Please be cognizant of the large amount of e-mail that's generated when you perform bulk actions. :-)
Sorry... I did the first action because there was no one who said anything against this for more than two weeks...
Yes, please reopen all that.
If you wish to process or close these tasks, ping the requesters and help them to get consensus, or let a message on the local project.
There weren't a lot of subscribes, you were alone with scfc and Aklapper.
Maybe to ask advice from people handling the site requests would have been a good idea?
Already done, see above.
@bd808: I don't want to close them, because there are "stale"... that is not a decline reason in my opinion too. I just think that it is not useful to have tasks, where we need approval by community and where we can say that the community would never approve that, or voted against this. In this case have an open task is not useful.

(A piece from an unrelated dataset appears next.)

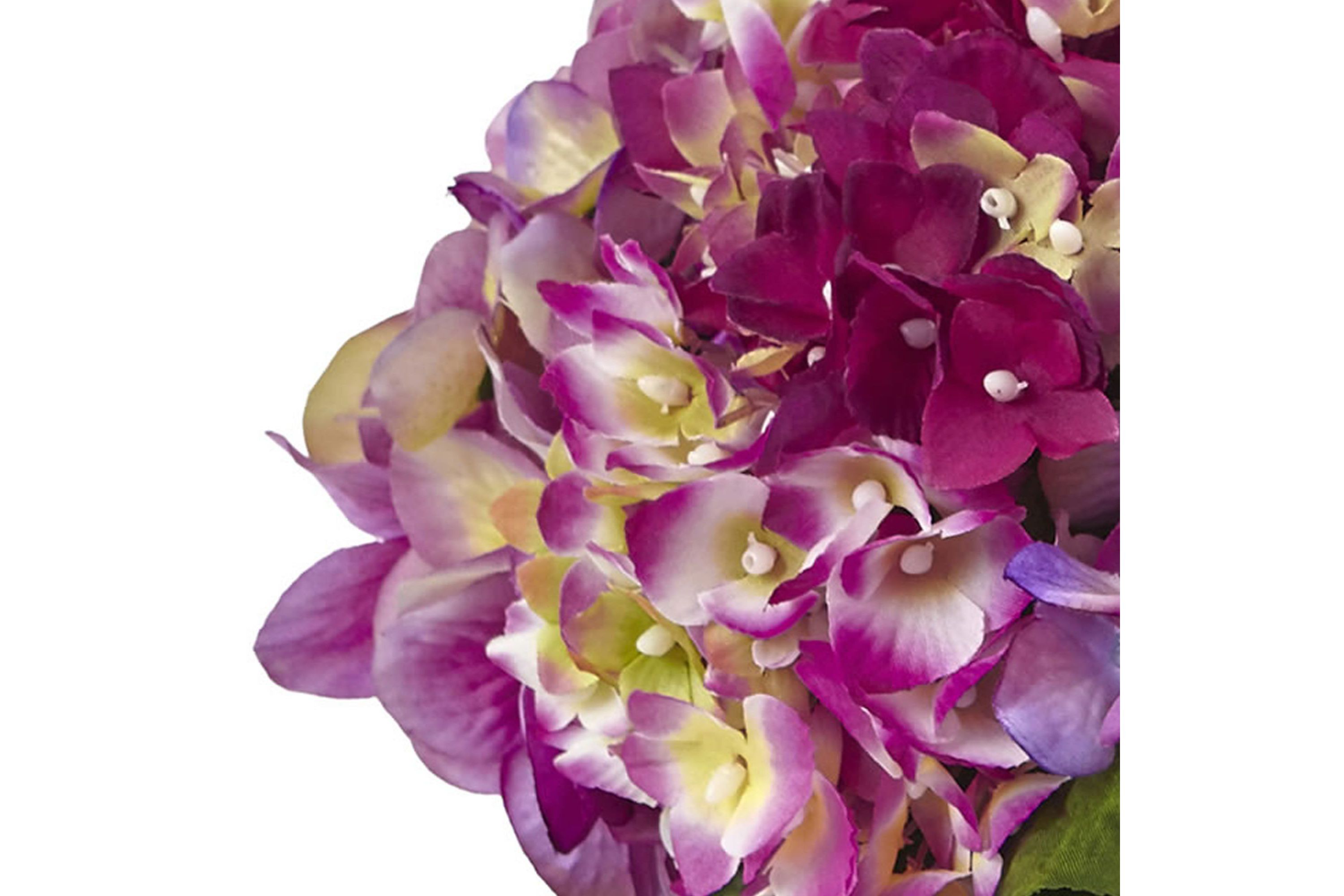 Hydrangea with Large Vase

If there was actually a community vote to reject one of more of these items then depending on the task itself I would agree that it should be closed (if the task was only about the community vote) or the tag should be removed and a note left on the task that a vote was taken and the community rejected the feature.
If the tag was placed on something prematurely then I think removing it with a note on the task is also perfectly reasonable.
The one part I don't agree with is "where we can say that the community would never approve that" because I don't think anyone can know that a priori. You can assume, but you can't know.
Did you discuss it on any more visible place such as mailing list, wiki or at least IRC?
Most of those bugs are desirable, some can be closed (the discussion found issues but nobody bothered to wrap it up).
The main problem is that many of those bugs should not have had Community-consensus-needed added in the first place, or had a valid non-community reason to have the #shellpolicy tag. I still maintain that Community-consensus-needed is a horrible name that leads to confusion; if we keep it, we must be patient and do some regular cleanup.